Is this what you were looking for?
2. We are not running in a container. We are running on a physical server with Red Hat Enterprise Linux Server release 6.10 - the /proc/self/cgroup file exists but is empty.

Best regards
Wolfram

Logback 1.2.3 is actually what we test with, so I assume next step would be to add some debug logging to this mechanism, but that won't be as quick :slight_smile:

Is this what you were looking for?

Yes, it looks we do instrument what we should, so I'll need to take a deeper look.

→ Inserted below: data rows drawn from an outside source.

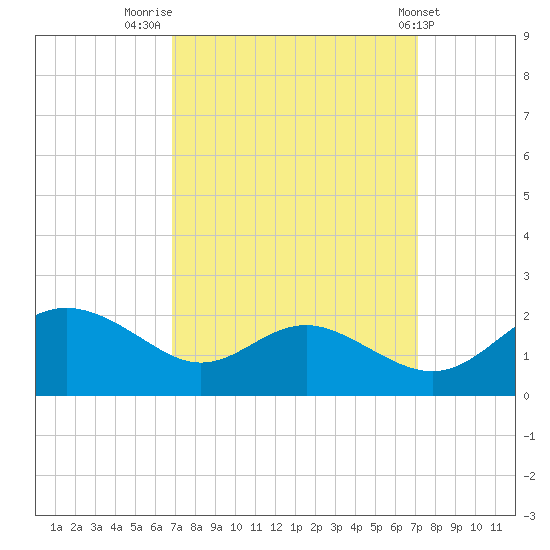 Broomes Island tide chart for Friday, September 19, 2025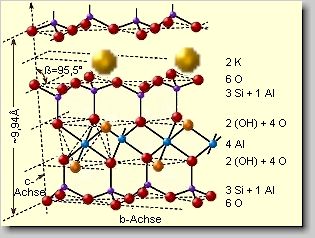 Crystal lattice of muscovite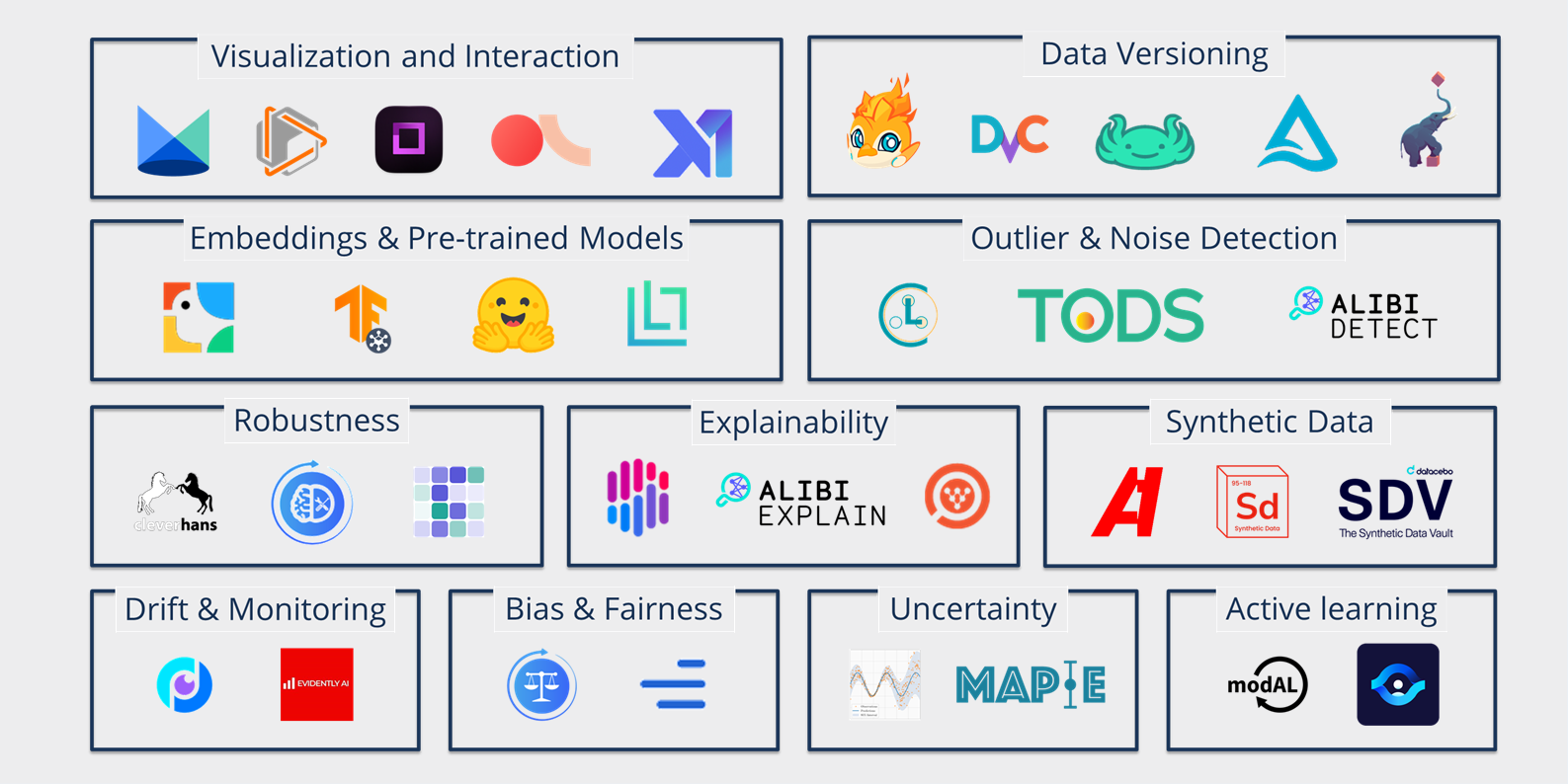 awesome-open-data-centric-ai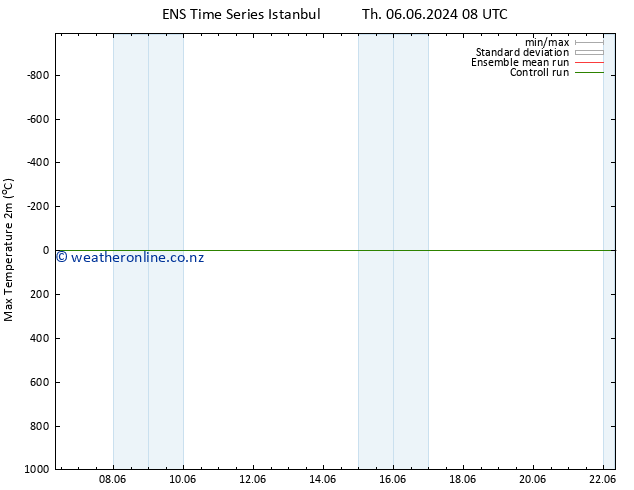 Temperature High (2m) GEFS TS Fr 07.06.2024 14 UTC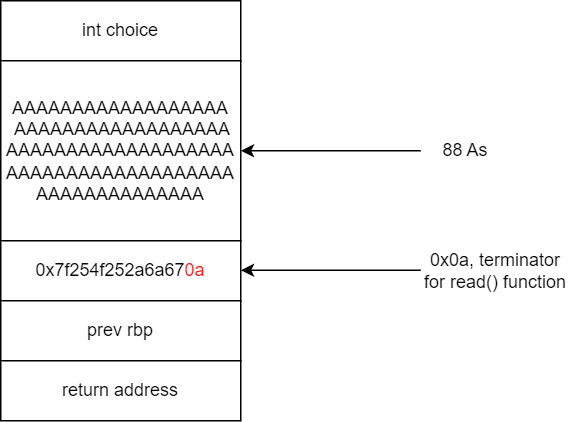 diagram3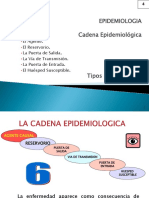 Cadena Epidemiologica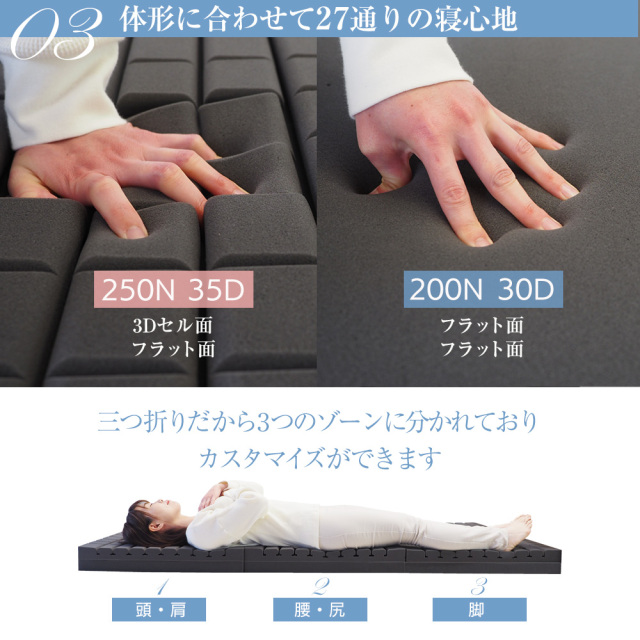 マットレス 三つ折り 高反発　ウレタン 3Dセル 体圧分散 60SS マットレス 三つ折り 高反発マットレス ウレタン 3Dセル 硬め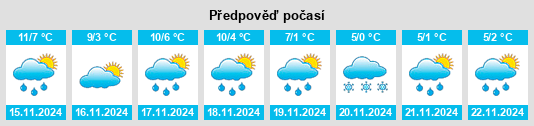 Weather outlook for the place Livarot na WeatherSunshine.com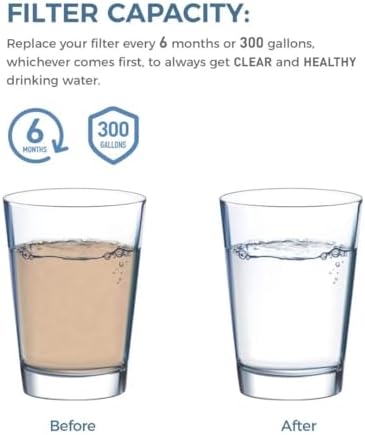 EDR3RXD1 Water Filter Replacement, 2 Pack - Image 6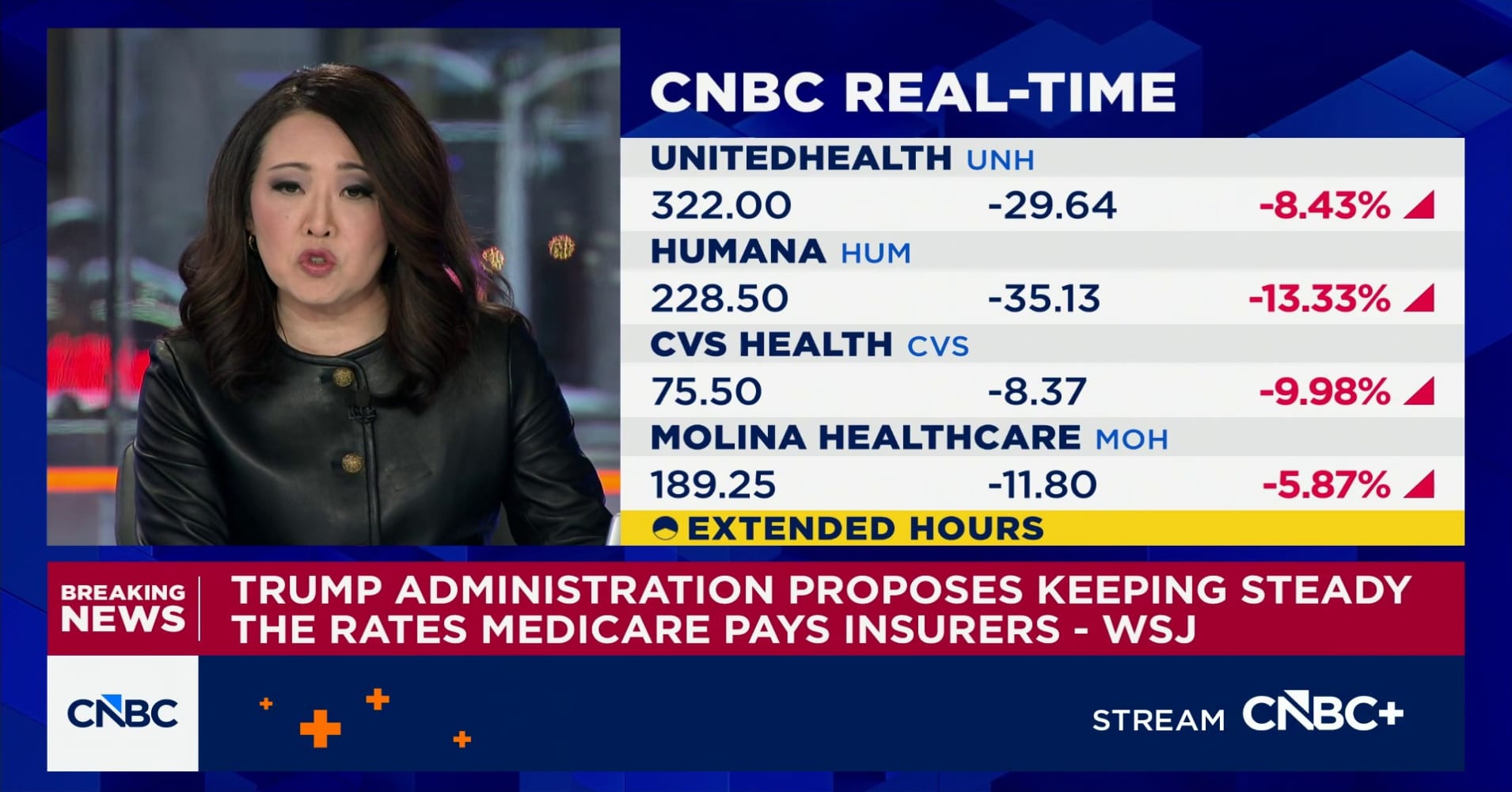 Health insurance stocks slide in extended trading on reported Medicare ...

Could be the flush setting.

As for the cgroup file parsing - I'll make sure we don't log a warning in such cases.

I'll let you know once there is something to test.
Thanks for the feedback!

1 Like

Hello Eyal,

I think I found the root cause for my missing Logback logs but I am not sure what the reason behind the code is - maybe this makes sense to you.

I tried to debug the apm agent today and came to the following observation: In AbstractEcsReformattingHelper.onAppendExit, the mappedAppender is a NULL_APPENDER.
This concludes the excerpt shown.